> [Work order]
The answer must be an exact copy of the records, with every picture removed.

> [Dataset entries]

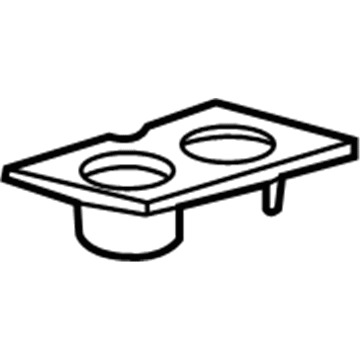 GM 12388409 Liner, Front Floor Console Cup Holder
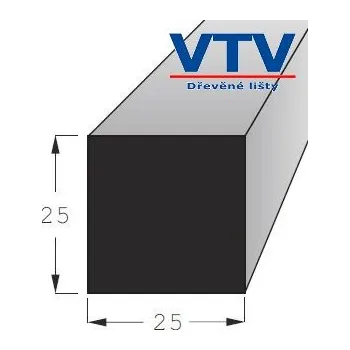 Stavební profil Lišta dřevěná H 2525 2m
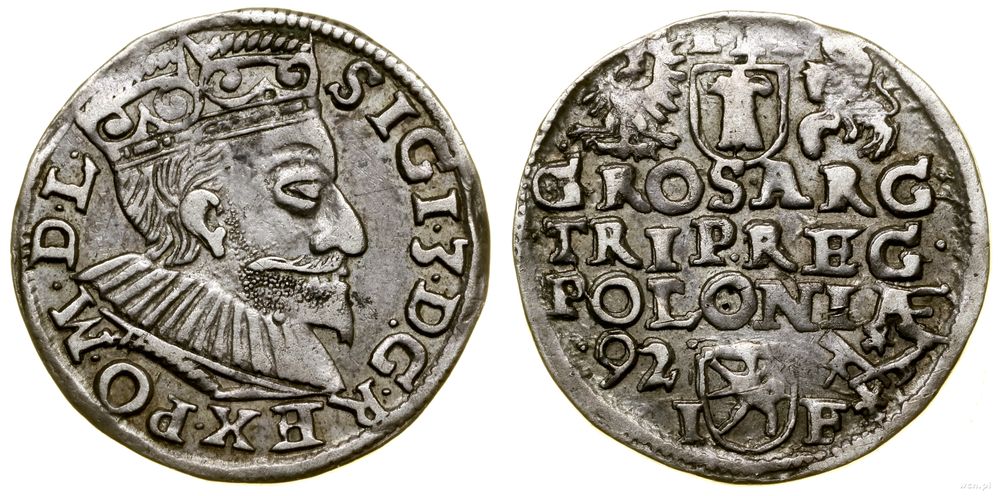 Polska, trojak, 1592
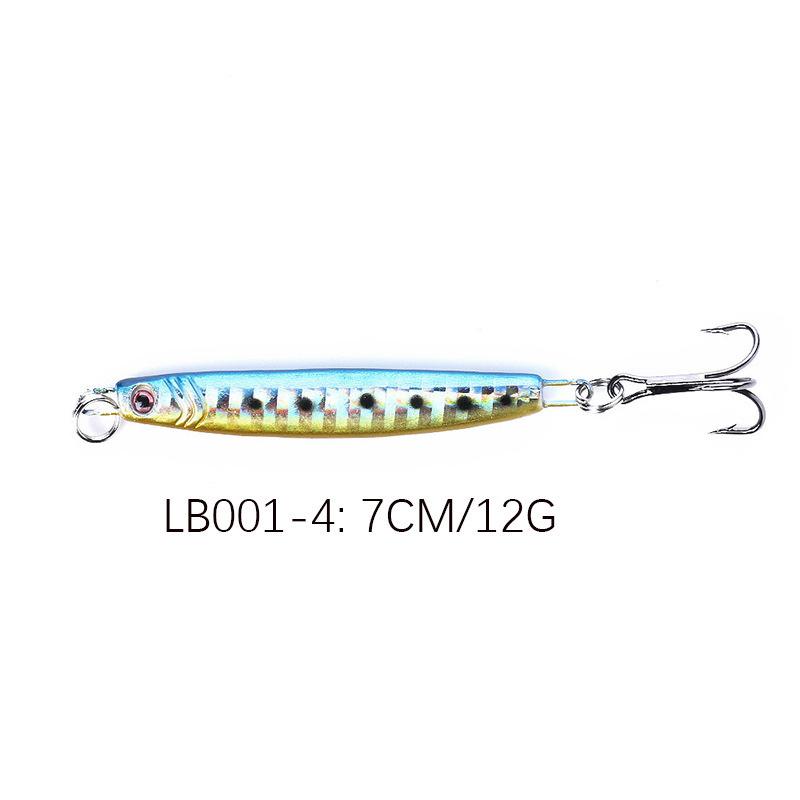 Lure Bait Jig7CM12GLong Casting Special Bass and Red Snapper Hard Bait for Deep Sea Fishing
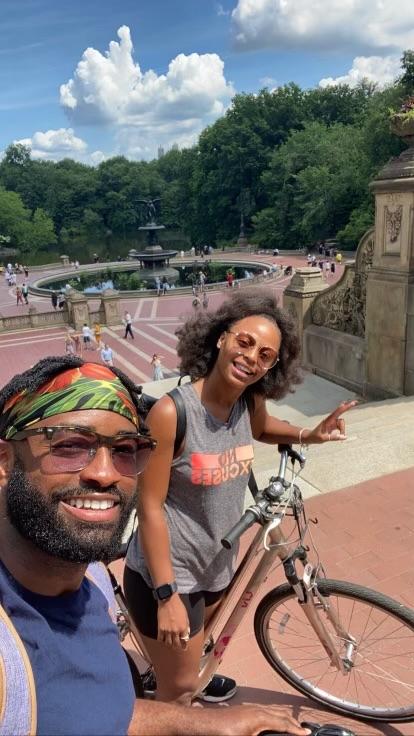 Our amazing date during COVID! A bike ride trough Central Park.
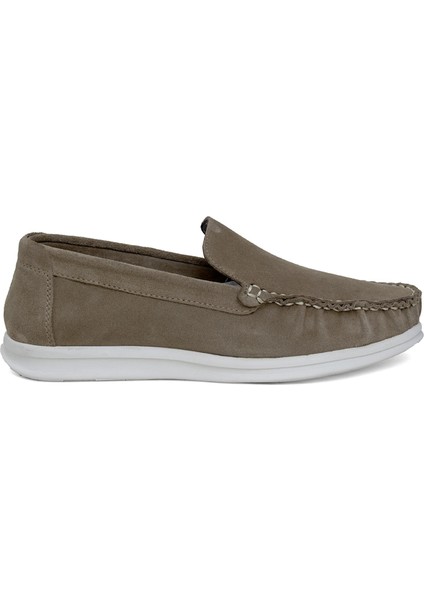 6528S Erkek Deri Casual Ayakkabı Vizon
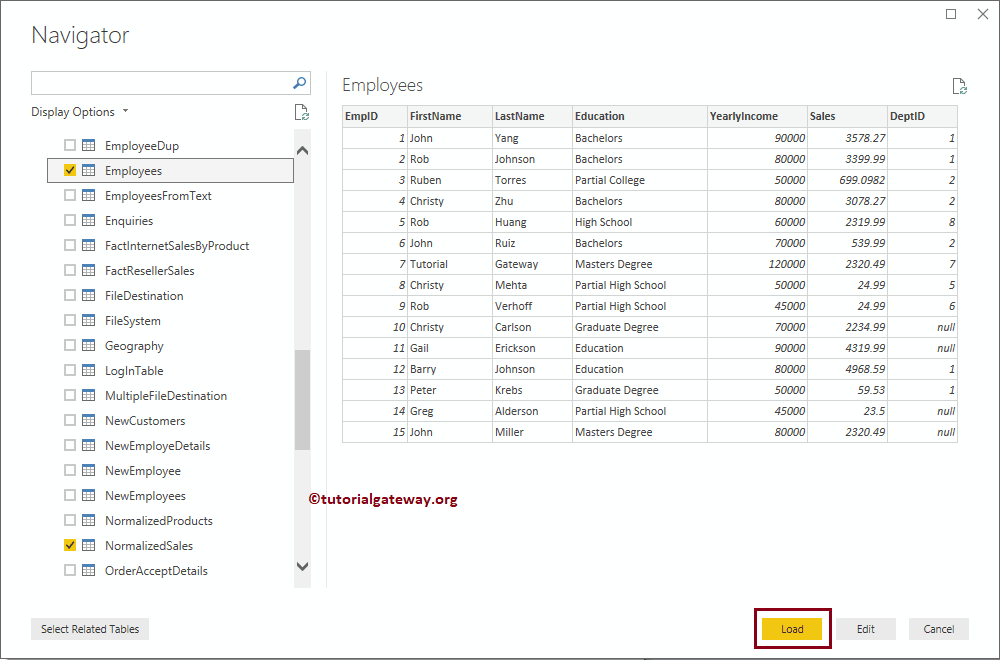 Load Data from Multiple Data Sources in Power BI 4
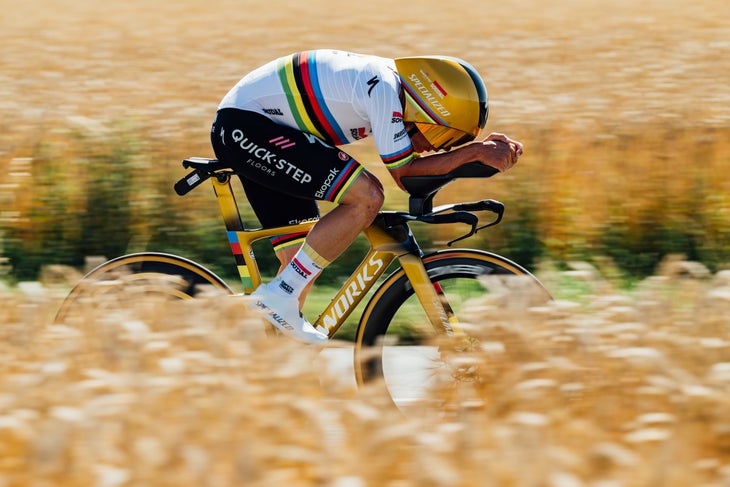 Remco Evenepoel dominated the time trial (Photo: Chris Auld)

> [Result of the exercise]
 GM 12388409 Liner, Front Floor Console Cup Holder
 Stavební profil Lišta dřevěná H 2525 2m
 Polska, trojak, 1592
 Lure Bait Jig7CM12GLong Casting Special Bass and Red Snapper Hard Bait for Deep Sea Fishing
 Our amazing date during COVID! A bike ride trough Central Park.
 6528S Erkek Deri Casual Ayakkabı Vizon
 Load Data from Multiple Data Sources in Power BI 4
 Remco Evenepoel dominated the time trial (Photo: Chris Auld)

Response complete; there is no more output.